Work task: Would you restate the entries below word for word, starting at the first line and ending with the one that has "益生菌消费认知(提高健康意识:了解正确的益生菌消费方式) 益生菌消费认知(提高健康意识:了解正确的益生菌消费方式)"?

(Source records)
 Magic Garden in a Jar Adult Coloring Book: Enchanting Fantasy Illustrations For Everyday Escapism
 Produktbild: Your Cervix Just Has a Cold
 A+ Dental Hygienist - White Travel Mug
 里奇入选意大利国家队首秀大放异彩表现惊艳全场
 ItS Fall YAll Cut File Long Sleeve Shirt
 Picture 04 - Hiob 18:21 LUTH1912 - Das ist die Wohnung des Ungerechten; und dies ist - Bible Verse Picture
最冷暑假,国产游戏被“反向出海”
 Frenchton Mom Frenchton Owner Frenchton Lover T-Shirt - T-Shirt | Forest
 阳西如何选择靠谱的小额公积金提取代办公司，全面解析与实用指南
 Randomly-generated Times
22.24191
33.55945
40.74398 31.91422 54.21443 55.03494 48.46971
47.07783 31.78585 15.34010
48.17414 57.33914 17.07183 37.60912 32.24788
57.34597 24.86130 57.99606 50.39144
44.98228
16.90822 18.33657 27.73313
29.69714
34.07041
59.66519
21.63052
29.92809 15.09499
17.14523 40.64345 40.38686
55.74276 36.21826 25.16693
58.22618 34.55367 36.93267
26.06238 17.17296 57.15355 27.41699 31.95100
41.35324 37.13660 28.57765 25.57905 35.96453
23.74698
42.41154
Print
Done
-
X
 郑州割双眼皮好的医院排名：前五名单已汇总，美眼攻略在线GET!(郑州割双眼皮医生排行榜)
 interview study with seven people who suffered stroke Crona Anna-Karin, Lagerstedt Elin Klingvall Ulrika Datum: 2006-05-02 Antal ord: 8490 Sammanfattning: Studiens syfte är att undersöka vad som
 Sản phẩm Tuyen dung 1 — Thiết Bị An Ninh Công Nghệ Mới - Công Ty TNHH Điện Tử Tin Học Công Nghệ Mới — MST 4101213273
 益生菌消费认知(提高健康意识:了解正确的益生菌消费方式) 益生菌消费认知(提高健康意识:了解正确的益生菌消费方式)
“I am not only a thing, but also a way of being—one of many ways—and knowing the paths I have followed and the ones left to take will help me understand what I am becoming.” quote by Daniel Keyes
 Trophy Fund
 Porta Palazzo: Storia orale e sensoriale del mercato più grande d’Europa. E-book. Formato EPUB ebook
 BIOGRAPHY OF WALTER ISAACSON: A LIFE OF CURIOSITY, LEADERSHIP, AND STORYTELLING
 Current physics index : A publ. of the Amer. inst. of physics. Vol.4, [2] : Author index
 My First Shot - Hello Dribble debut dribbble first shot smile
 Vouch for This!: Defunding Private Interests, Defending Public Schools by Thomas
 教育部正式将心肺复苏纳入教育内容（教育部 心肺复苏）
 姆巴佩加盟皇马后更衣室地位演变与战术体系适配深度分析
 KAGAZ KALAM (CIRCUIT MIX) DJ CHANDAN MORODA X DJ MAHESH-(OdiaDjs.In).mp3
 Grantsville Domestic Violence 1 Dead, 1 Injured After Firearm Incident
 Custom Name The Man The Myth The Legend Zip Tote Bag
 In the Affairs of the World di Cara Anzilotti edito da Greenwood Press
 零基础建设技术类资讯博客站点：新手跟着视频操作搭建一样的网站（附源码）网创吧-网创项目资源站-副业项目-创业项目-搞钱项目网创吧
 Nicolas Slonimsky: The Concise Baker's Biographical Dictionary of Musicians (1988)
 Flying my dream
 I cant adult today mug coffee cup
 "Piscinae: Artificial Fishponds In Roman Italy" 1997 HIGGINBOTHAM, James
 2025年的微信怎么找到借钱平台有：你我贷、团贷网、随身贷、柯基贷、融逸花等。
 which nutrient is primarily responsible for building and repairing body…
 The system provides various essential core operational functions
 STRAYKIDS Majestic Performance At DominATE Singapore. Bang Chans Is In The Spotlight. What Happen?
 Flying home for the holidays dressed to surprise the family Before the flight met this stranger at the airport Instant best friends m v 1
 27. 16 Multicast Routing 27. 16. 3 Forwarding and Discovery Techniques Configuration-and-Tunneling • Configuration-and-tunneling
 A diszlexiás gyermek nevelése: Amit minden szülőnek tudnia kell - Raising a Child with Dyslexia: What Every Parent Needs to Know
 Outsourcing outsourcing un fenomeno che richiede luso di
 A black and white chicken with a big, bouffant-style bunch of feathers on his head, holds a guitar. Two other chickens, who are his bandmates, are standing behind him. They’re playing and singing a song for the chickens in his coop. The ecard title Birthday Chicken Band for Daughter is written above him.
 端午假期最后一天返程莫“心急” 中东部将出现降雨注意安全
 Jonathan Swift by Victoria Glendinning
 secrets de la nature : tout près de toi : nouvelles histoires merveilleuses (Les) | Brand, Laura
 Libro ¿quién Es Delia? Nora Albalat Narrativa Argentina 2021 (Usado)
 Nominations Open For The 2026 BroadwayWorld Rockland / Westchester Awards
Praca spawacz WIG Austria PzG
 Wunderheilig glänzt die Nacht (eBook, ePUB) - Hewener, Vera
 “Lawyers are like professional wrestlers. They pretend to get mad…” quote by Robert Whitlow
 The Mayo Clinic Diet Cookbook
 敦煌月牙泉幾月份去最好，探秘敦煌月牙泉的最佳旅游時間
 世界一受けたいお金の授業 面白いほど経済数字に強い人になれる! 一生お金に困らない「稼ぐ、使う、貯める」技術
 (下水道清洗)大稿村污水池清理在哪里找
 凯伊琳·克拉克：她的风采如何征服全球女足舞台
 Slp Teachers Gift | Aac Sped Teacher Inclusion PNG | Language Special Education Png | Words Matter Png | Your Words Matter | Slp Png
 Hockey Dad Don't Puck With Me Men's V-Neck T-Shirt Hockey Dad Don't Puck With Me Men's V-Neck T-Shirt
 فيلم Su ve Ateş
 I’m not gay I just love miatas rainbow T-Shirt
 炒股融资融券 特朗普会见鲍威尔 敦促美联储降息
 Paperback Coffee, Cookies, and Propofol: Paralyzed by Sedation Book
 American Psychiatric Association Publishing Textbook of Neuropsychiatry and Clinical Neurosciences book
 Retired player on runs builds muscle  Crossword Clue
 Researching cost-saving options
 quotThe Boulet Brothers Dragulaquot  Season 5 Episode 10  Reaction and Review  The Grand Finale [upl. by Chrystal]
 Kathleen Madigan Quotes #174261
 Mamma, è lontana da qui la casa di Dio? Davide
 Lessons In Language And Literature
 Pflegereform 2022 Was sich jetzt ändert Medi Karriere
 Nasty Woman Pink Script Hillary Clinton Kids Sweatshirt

Result of the exercise:
 Magic Garden in a Jar Adult Coloring Book: Enchanting Fantasy Illustrations For Everyday Escapism
 Produktbild: Your Cervix Just Has a Cold
 A+ Dental Hygienist - White Travel Mug
 里奇入选意大利国家队首秀大放异彩表现惊艳全场
 ItS Fall YAll Cut File Long Sleeve Shirt
 Picture 04 - Hiob 18:21 LUTH1912 - Das ist die Wohnung des Ungerechten; und dies ist - Bible Verse Picture
最冷暑假,国产游戏被“反向出海”
 Frenchton Mom Frenchton Owner Frenchton Lover T-Shirt - T-Shirt | Forest
 阳西如何选择靠谱的小额公积金提取代办公司，全面解析与实用指南
 Randomly-generated Times
22.24191
33.55945
40.74398 31.91422 54.21443 55.03494 48.46971
47.07783 31.78585 15.34010
48.17414 57.33914 17.07183 37.60912 32.24788
57.34597 24.86130 57.99606 50.39144
44.98228
16.90822 18.33657 27.73313
29.69714
34.07041
59.66519
21.63052
29.92809 15.09499
17.14523 40.64345 40.38686
55.74276 36.21826 25.16693
58.22618 34.55367 36.93267
26.06238 17.17296 57.15355 27.41699 31.95100
41.35324 37.13660 28.57765 25.57905 35.96453
23.74698
42.41154
Print
Done
-
X
 郑州割双眼皮好的医院排名：前五名单已汇总，美眼攻略在线GET!(郑州割双眼皮医生排行榜)
 interview study with seven people who suffered stroke Crona Anna-Karin, Lagerstedt Elin Klingvall Ulrika Datum: 2006-05-02 Antal ord: 8490 Sammanfattning: Studiens syfte är att undersöka vad som
 Sản phẩm Tuyen dung 1 — Thiết Bị An Ninh Công Nghệ Mới - Công Ty TNHH Điện Tử Tin Học Công Nghệ Mới — MST 4101213273
 益生菌消费认知(提高健康意识:了解正确的益生菌消费方式) 益生菌消费认知(提高健康意识:了解正确的益生菌消费方式)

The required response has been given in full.